Canonical Transforms And Caching
Atelier relies on storing only the original uploaded photo, and then applying transformations to the photo in realtime, caching the results in order to speed up subsequent render requests.
In order to do this, there are two important protocols to be defined. Namely that of caching the results, and producing canonical descriptions of transformations.
Canonical Representation of Transformations
Any transformation to be applied to an image, be it a translation, rotation, convolution, etc; will have a series of arguments to the operation, the operation itself and a source image to work from.
We can represent the source image to work from as a combination of its SHA1sum and length rendered in hexadecimal/ascii and ascii, such as: "f065c6dc45a9cbd4868612eaf36b293b381d11d9+10003" -- This has the benefit of being reasonably hard to deliberately collide with, and extremely unlikely to collide in general use.
Now, we clearly cannot know the sha1sum of the result of a transformation without first performing the transformation. Since we would wish to determine if we have cached the result of a transformation without first performing it to get its sum, we should instead produce a canonical representation of the transformation as a string, and calculate the identifier of that string instead. Since the representation will contain a source image identifier, and also all the information required to perform the transformation it is sufficient to represent the resulting image as the transformation information itself.

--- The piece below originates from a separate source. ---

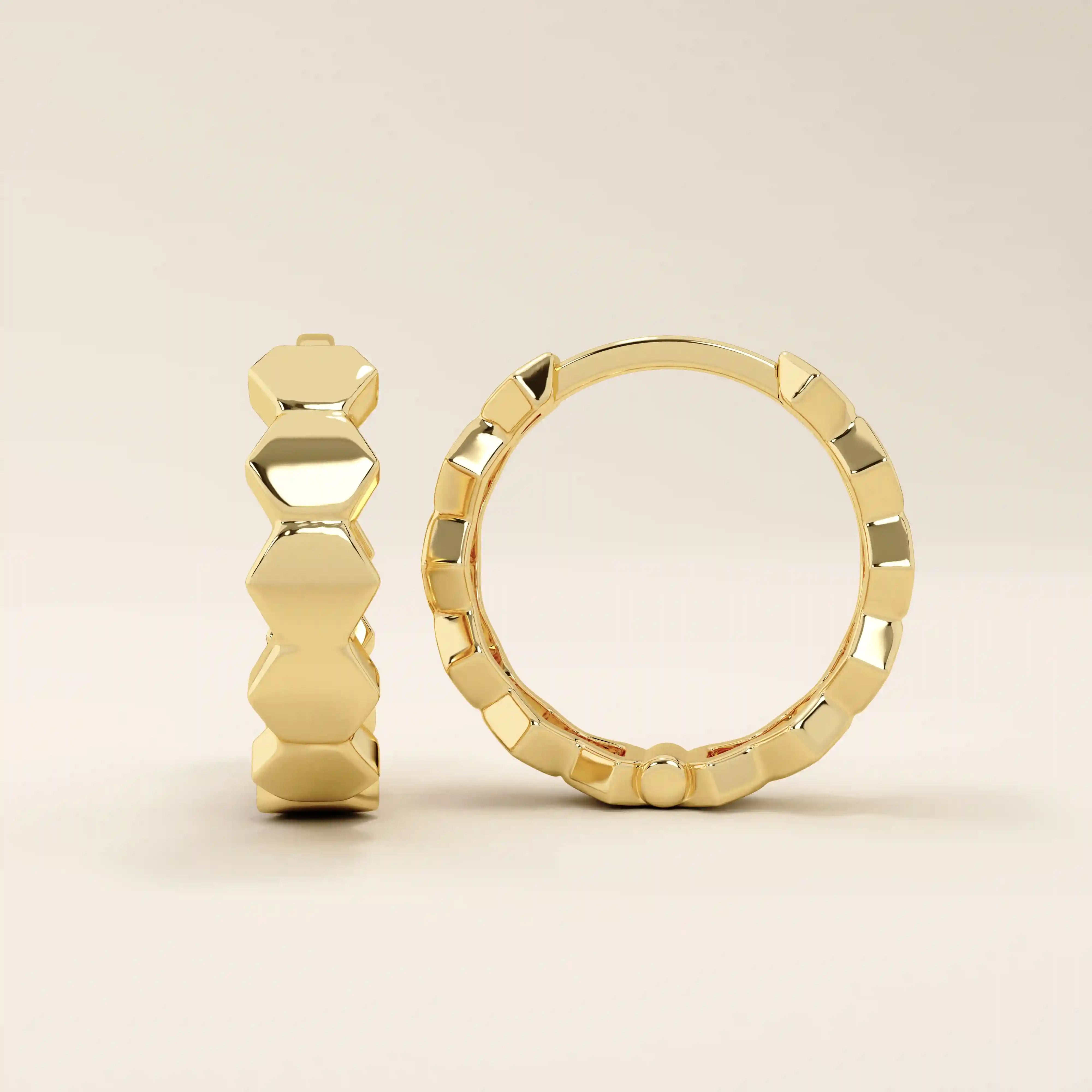 14k solid yellow gold hoop earrings with bold, interlocking hexagon links forming a continuous geometric design, polished to a mirror-like shine.
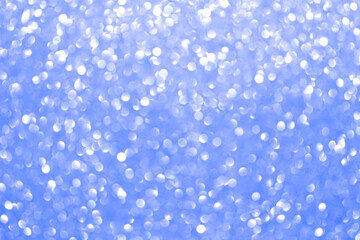 An abstract blue background with sparkle lights and bokeh.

Since sequences of transformations are far more interesting than single ones (and often more desirable since it won't produce repeated re-encoding artifacts in lossy compression formats) we consider a chain of transformations to be a single transformation. A transformation is therefore a sequence of lines which will automatically be prefixed by an instruction to load the source image. This prefix+sequence is the transformation which will be hashed in order to construct an identifier for the output of the transformation.
Each line in the transformation is a series of colon separated fields which are individually escaped using %XX escapes for anything other than [A-Za-z0-9.+-,/ ] and since it's unlikely that anything but freeform text input will need escaping, the transforms will, for the most part, be quite readable by humans.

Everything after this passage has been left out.